Work task:
The reply to the records below should contain exactly the lines from the line with "Ferrino MTB 2" through the line with "Audi E-tron 50", and nothing besides.

Dataset records:
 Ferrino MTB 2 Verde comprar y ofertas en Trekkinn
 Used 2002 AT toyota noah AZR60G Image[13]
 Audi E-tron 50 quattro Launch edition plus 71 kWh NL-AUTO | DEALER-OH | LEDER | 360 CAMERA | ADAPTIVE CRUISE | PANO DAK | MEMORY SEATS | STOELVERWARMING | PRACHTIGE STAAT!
---
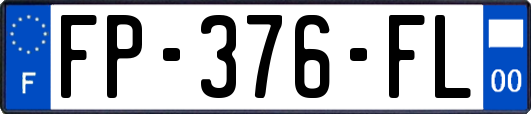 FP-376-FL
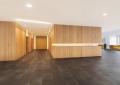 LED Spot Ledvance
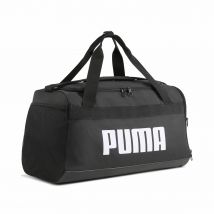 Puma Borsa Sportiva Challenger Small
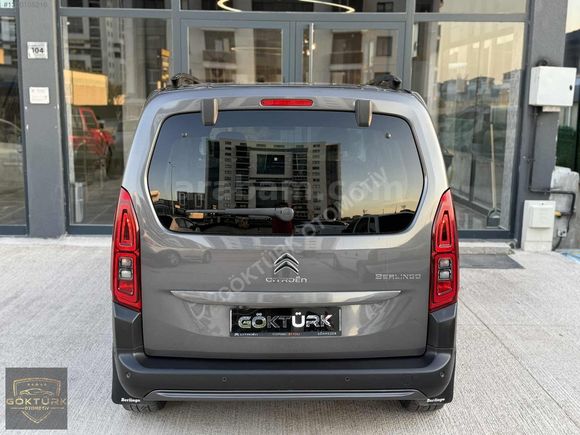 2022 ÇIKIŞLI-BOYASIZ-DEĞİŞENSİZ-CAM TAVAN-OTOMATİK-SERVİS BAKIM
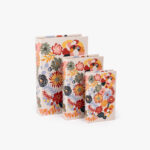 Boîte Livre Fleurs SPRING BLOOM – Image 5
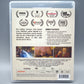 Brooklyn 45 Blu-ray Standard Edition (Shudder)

Task answer:
 Ferrino MTB 2 Verde comprar y ofertas en Trekkinn
 Used 2002 AT toyota noah AZR60G Image[13]
 Audi E-tron 50 quattro Launch edition plus 71 kWh NL-AUTO | DEALER-OH | LEDER | 360 CAMERA | ADAPTIVE CRUISE | PANO DAK | MEMORY SEATS | STOELVERWARMING | PRACHTIGE STAAT!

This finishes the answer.